The repository contains:

  • a runtime package for parsing and converting Vietnamese addresses
  • packaged lookup assets under src/onflow_location_platform/data
  • data preparation inputs under data
  • collection, processing, generation, and validation scripts under scripts

Highlights

  • Parse free-text Vietnamese administrative addresses into structured AdminUnit objects
  • Convert legacy addresses to the 2025 administrative structure
  • Standardize province, district, ward, and address columns in pandas DataFrames
  • Query packaged lookup data from the bundled SQLite database
  • Maintain a reproducible workflow from raw inputs to generated runtime assets

Unified Interface: OnFlowLocation

The OnFlowLocation class provides a unified, property-based API to all platform operations.

from onflow_location_platform import OnFlowLocation

# Initialize with address or codes
location_info = OnFlowLocation(
    address="842 Nguyễn Kiệm, Hạnh Thông, hồ chí minh",
    provide_code=91,
    district_code=913,
    ward_code=31066
)

# Parse or convert using properties
print(location_info.convert_address_new_to_old.format_address())
print(location_info.convert_address_old_to_new_by_code.format_address())

Package Naming

The public import path is onflow_location_platform.

Repository Layout

.
├── data/
│   ├── alias_keywords/
│   ├── raw/
│   ├── interim/
│   └── processed/
├── scripts/
│   ├── collecting_data/
│   ├── processing_data/
│   ├── generating_module_data/
│   └── testing_package/
├── src/
│   ├── onflow_location_platform/
│   │   ├── converter/
│   │   ├── data/
│   │   ├── database/
│   │   ├── pandas/
│   │   └── parser/
└── setup.py

How It Works

The repository operates as a small data platform plus a runtime package:

external sources
    -> data/raw
    -> data/interim
    -> data/processed
    -> scripts/generating_module_data
    -> src/onflow_location_platform/data
    -> src/onflow_location_platform parser / converter / pandas / database APIs

In practice, the workflow is:

  1. Collect source files from public endpoints or manual downloads into data/raw.
  2. Clean, map, and enrich those inputs into intermediate and processed datasets under data/interim and data/processed.
  3. Generate compact runtime assets for the package in src/onflow_location_platform/data, including parser dictionaries, conversion mappings, and the bundled SQLite database.
  4. Use the public API from src/onflow_location_platform to parse addresses, convert legacy addresses, standardize DataFrame columns, or query lookup data.
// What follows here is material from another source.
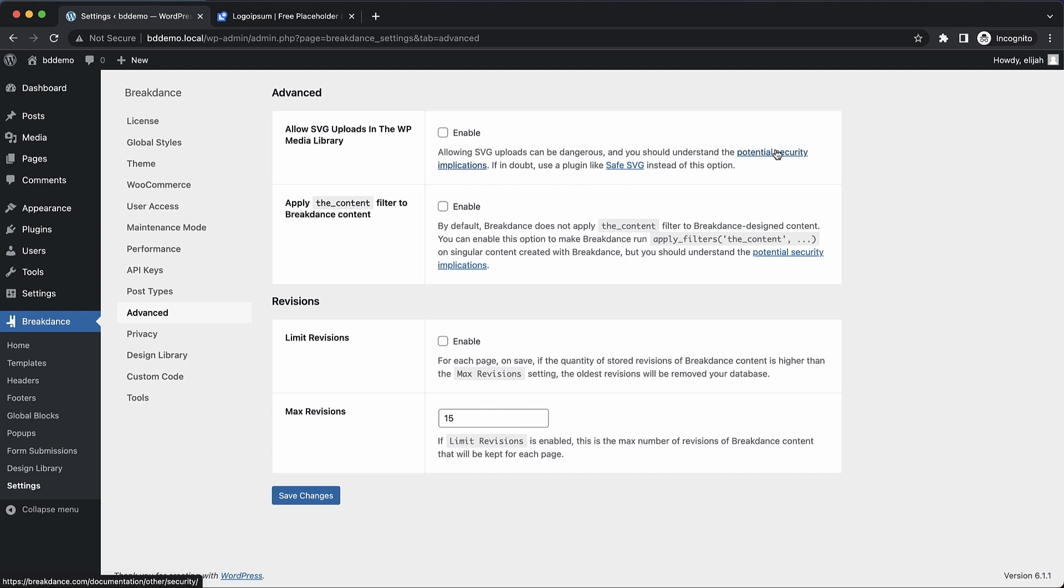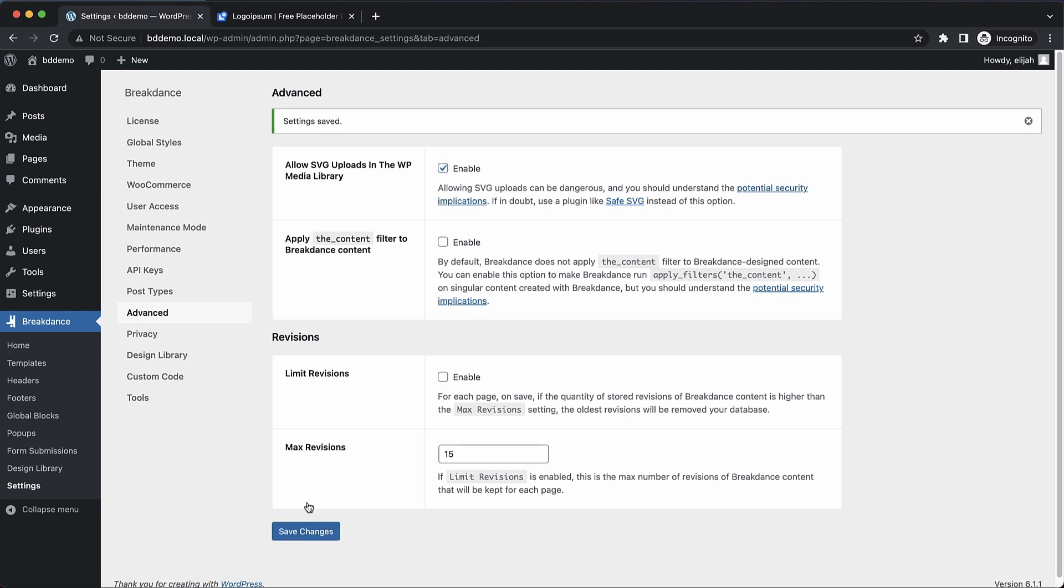But if that's overkill for your particular use case, we can just tick the enable box here, save our changes.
This means the runtime package does not depend on the workspace CSV files at execution time. It depends on the generated assets already bundled in src/onflow_location_platform/data.

Installation

Local editable install

python -m venv envs
source envs/bin/activate
pip install -e .

Local editable install with script dependencies

python -m venv envs
source envs/bin/activate
pip install -e '.[scripts]'

Quick Start

Parse a 2025-format address

from onflow_location_platform import parse_address_new

unit = parse_address_new("Tân Sơn Hòa, Hồ Chí Minh")
print(unit.format_address())

Parse a legacy-format address

from onflow_location_platform import parse_address_old

unit = parse_address_old(
    "Đường 15, Long Bình, Quận 9, Hồ Chí Minh",
    level=3,
)

print(unit.short_province, unit.short_district, unit.short_ward)

Convert a legacy address to the 2025 structure

from onflow_location_platform import convert_address_old_to_new

unit = convert_address_old_to_new("59 Nguyễn Sỹ Sách, Phường 15, Tân Bình, Hồ Chí Minh")
print(unit.format_address())

Convert a 2025 address back to legacy (first)

from onflow_location_platform import convert_address_new_to_old

unit = convert_address_new_to_old(
    "Phường Hạnh Thông, Hồ Chí Minh",
    multi_match="first",
)
print(unit.format_address())
# Phường 1, Quận Gò Vấp, Thành Phố Hồ Chí Minh

Convert a 2025 address back to legacy (all)

from onflow_location_platform import convert_address_new_to_old

units = convert_address_new_to_old(
    "Phường Hạnh Thông, Hồ Chí Minh",
    multi_match="all",
)
for unit in units:
    if unit:
        print(unit.format_address())
# Phường 1, Quận Gò Vấp Thành Phố Hồ Chí Minh
# Phường 3, Quận Gò Vấp Thành Phố Hồ Chí Minh

Convert a 2025 address back to legacy (geo)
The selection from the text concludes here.